The item above is one of Alexis Soyer's Magic Stoves. First patented in 1849, the Magic Stove was the prototypical gas camping stove. Cabinet magazine reveals the history of this revolutionary and beautifully-designed device. From Cabinet:
The small, portable burner was designed to run on pressurized fuel and to have sufficient heating power to cook a meal in a couple of minutes. The Magic Stove's first appearances in the great outdoors reflected the grandiosity of its gentlemanly origins… "Mad" Lieutenant Gale, a daredevil hot-air balloonist, wanted to take the Magic Stove on board, but died too soon in a botched ascent. Explorers took the stove with them on their expeditions.
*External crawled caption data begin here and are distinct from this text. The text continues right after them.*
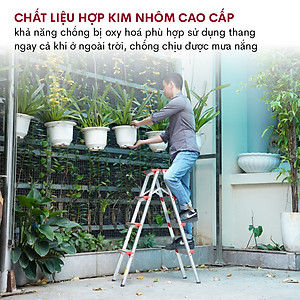 Thang nhôm chữ A 4 bậc cao 1 Mét gấp gọn FUJIHOME DL204, thang ghế 4 bậc xếp gọn gia đình- Hàng chính hãng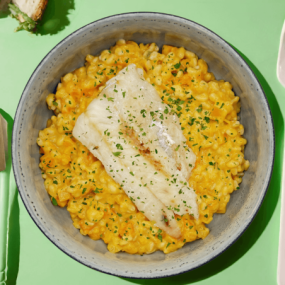 Filet de merlan, blésotto crémeux aux courges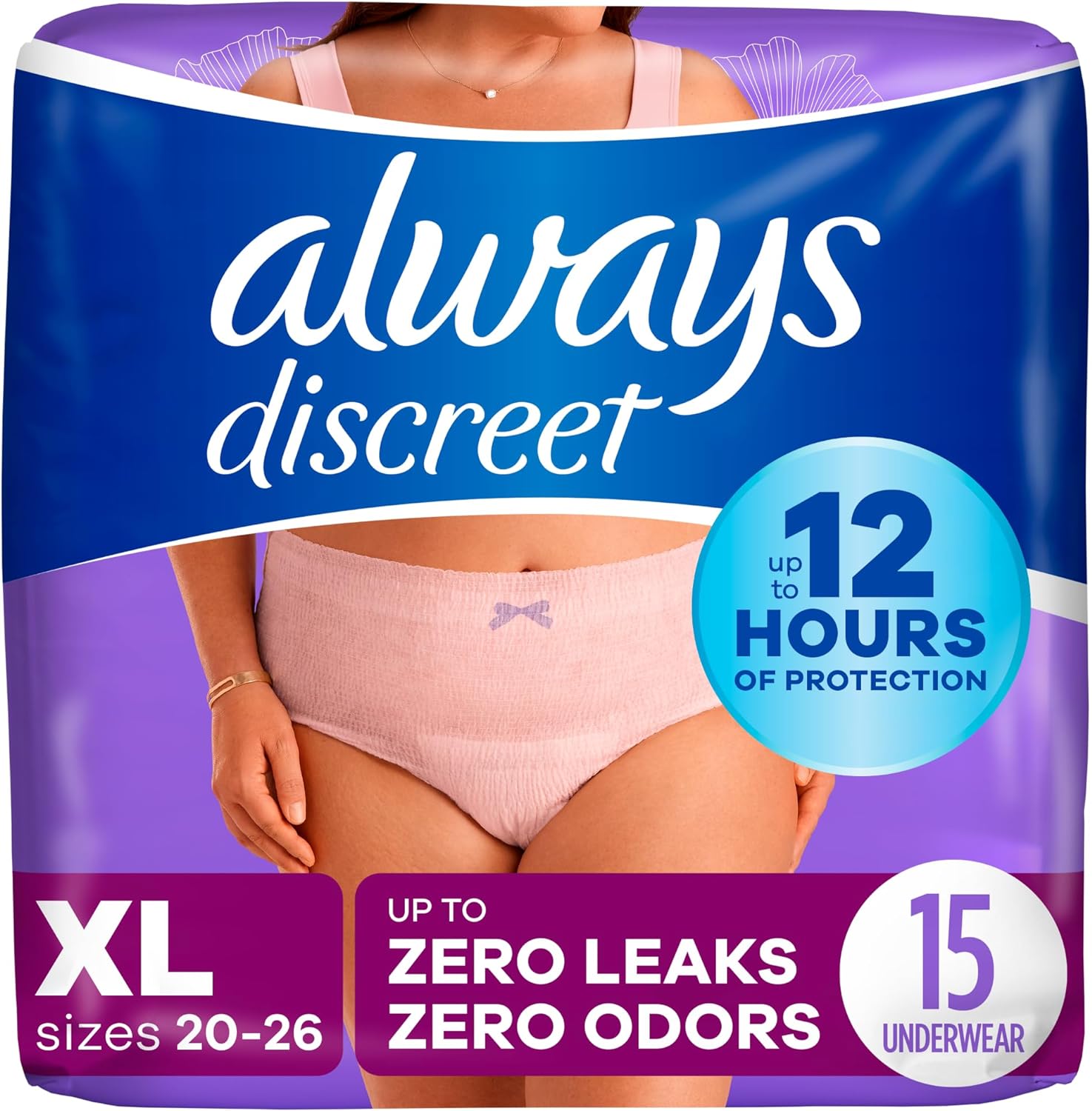 Always Discreet Adult Incontinence & Postpartum Underwear For Women, Classic Cut, Size X-Large, Maximum Absorbency, Disposable, 15 Count (Pack Of 1) (Packaging May Vary)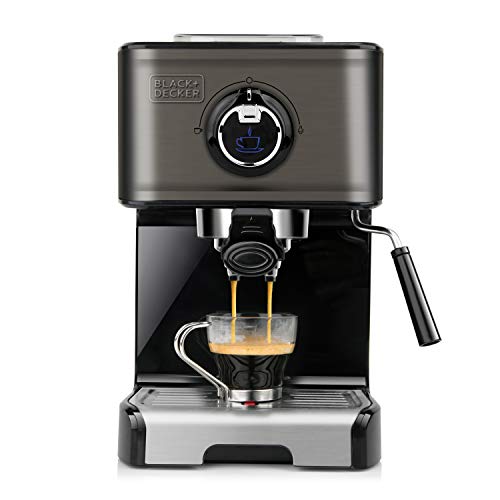 Black+Decker BXCO1200E - Espressomaschine, 15 Bar, 1.200W, Thermoblock-Schnellerhitzung, Milchaufschäumer, gemahlener Kaffee oder Kaffepads, Edelstahl, schwarz von Black+Decker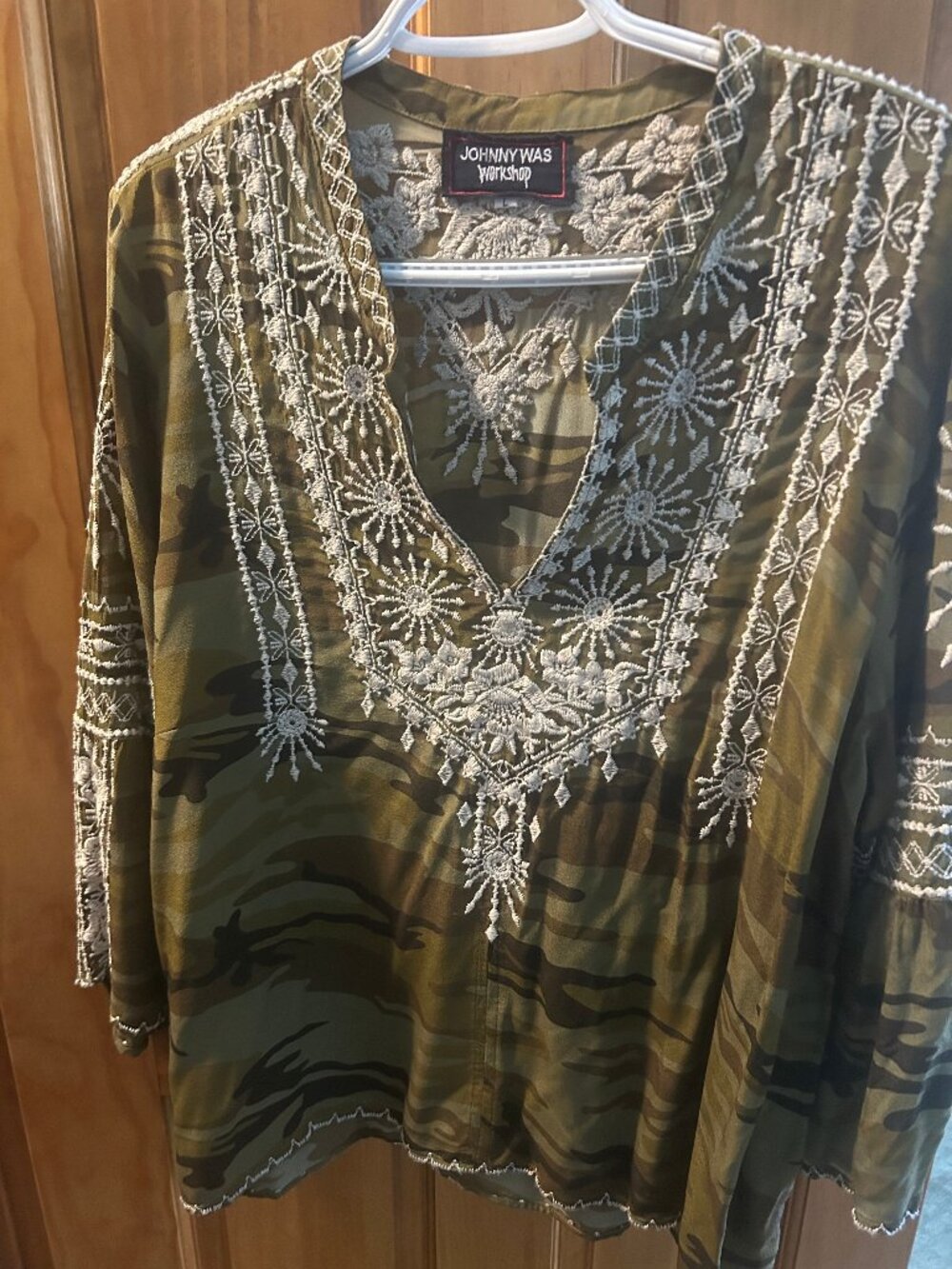 Johnny Was Workshop Camo Blouse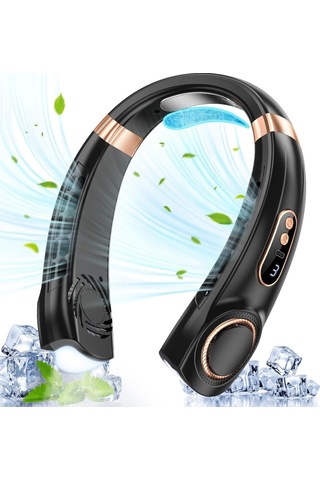 Padalink Usb Şarjlı Bıçaklıksız Boyun Fanı, 360 Tam Yönlü Rüzgar, 5 Hız Seviyesi, Led Işık Ve Pil Göstergesi, Dışarıda/içerde Kullanım, Siyah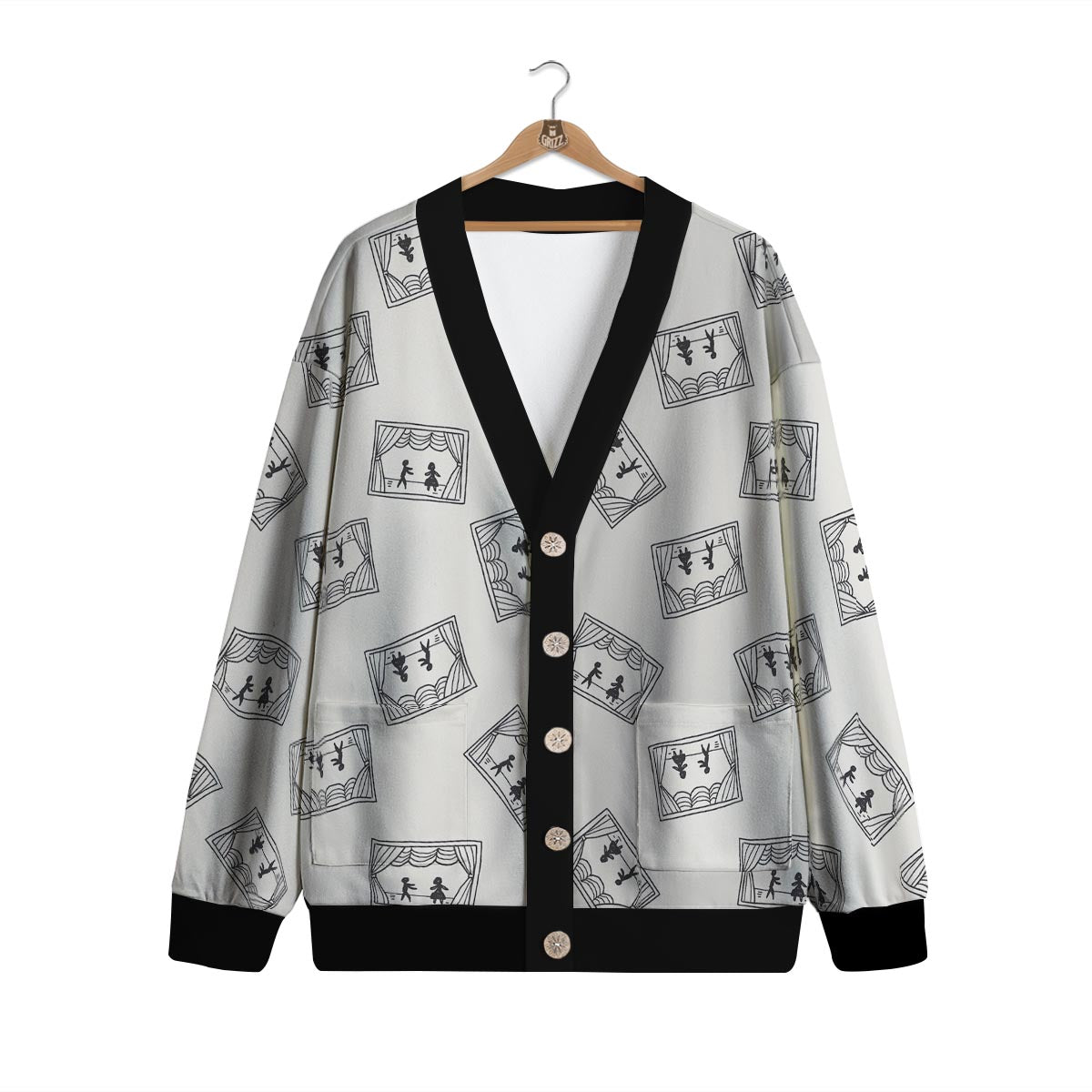 Stage Theater Print Pattern Cardigan-grizzshop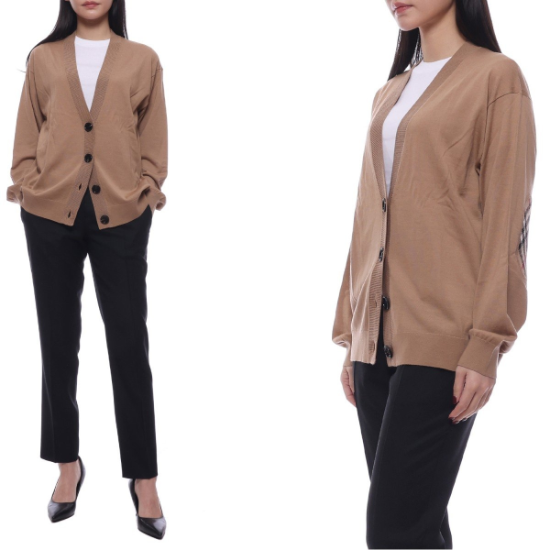 (신세계마산점)[버버리] 여성 도녹 체크 패치 가디건 (8074885 CAMEL 23F)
In 1850, the Admiralty ordered some Magic Stoves for Captain Horatio Austin's expedition to the Arctic in search of Sir John Franklin, prefiguring Amundsen's use of the Primus stove on his journey to the North Pole.
Soyer wanted his stove to be a "must-have," an irresistible gadget that would look great "in the parlour of the wealthy, the office of the merchant, the studio of the artist, or the attic of the humble." (Its successor, the better-known Primus developed by the Swedish inventor F. W. Linquist, did not come on the market until the end of the nineteenth century.) Newspapers praised it and found it "so certain in its operations that a gentleman may cook his steak or chop on his study table, or a lady may have it among her crochet or other work." Outdoor use was advocated as well for "the sportsman on the moors, or the angler by the side of the mountain stream." The stove was small enough, it was said, that it could be carried in one's hat.